Kevin Oberman rkoberman at gmail.com
Wed Apr 9 05:33:28 UTC 2014


On Tue, Apr 8, 2014 at 3:20 PM, Tijl Coosemans <tijl at coosemans.org> wrote:

> On Tue, 08 Apr 2014 13:12:48 -0400 Mikhail T. wrote:
> > On 08.04.2014 12:55, Tijl Coosemans wrote:
> >> On Tue, 08 Apr 2014 09:57:48 -0400 Mikhail T. wrote:
> >>> On 08.04.2014 08:00, freebsd-ports-request at freebsd.org wrote:
> >>>> If people are using a port, then I would agree it should be kept
> >>>> regardless of maintainer status.
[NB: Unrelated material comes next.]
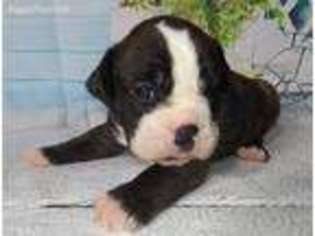 Olde English Bulldogge Puppy for sale in Paxtonville, PA, USA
But that doesn't mean keeping
> >>>> everything forever as long as it compiles.
> >>> Why not? Why not "keep everything forever as long as it compiles"?
> Where
> >>> is this idea coming from, that stuff must be continuously updated to be
> >>> considered usable?
> >> It doesn't have to be updated continuously, but it has to be used.
> >> Keeping a port requires effort.  It needs to be kept up to date with
> >> infrastructural changes (like staging) and if nobody is using the port
> >> that's just a waste of effort.
> > Tijl, there is no indication whatsoever, that ports on the chopping
> block are
> > not used. The argument put forth by the proponents of the removals is
> thus: "The
> > upstream authors haven't made a new release in a long time, therefor the
> > software must be neither any good, nor see much use."
> >
> > I find this logic flawed -- some of my favorite books are more than 2000
> years
> > old, for example... Their authors certainly aren't making new releases,
> yet they
> > continue to be maintained, built (published), and used by generations.
> >
> > The closest we've ever come to estimating usage is the following: "If
> there is
> > any user-base to speak of, then there should be a person among them
> willing to
> > maintain the port -- or pay someone to maintain it." This, too, is
> flawed in my
> > opinion -- expecting a graphics-artist, a biologist, or an audiophile to
> also be
> > a half-decent software engineer is a stretch; expecting them to pay for
> > port-maintainership is also not fair, when the entire OS is free, done
> for fun,
> > rather than profit.
> >
> > Though I agree, that unmaintained ports should be dropped when they
> break due to
> > things like security bugs or compiler-upgrades, the self-inflicted
> wounds like
> > infrastructure changes do not qualify. Volunteers taking it upon
> themselves to
> > perform such changes, should be prepared to deal with all that's
> required for them.
>
> Volunteer time should not be wasted on ports nobody uses.  Removing such
> ports is a good thing.
>
> It's impossible to prove that a port is really unused, but if there are
> enough indications that it is potentially unused it becomes reasonable to
> assume that it is.  Lack of upstream development is one such indicator
> and by itself it may not be enough but in the examples you've given it
> isn't the only indicator.  For qvplay for instance the main argument is
> that it is support software for a 250 kilopixel camera from the nineties.
> For xmms there's xmms2, audacious and numerous other multimedia players.
>

Happily, a fix for xmms is in the offing. But you should realize that xmms2
is in no way a replacement for xmms, though the authors seemed to have
believed that it was.  Instead it is a needlessly complex client/server
system for playing  audio files. I'm sure that someone found xmms2 useful,
but for simply playing music, it is both overkill and complex to use.
Besides, DLNA has made it pretty obsolete as a media server.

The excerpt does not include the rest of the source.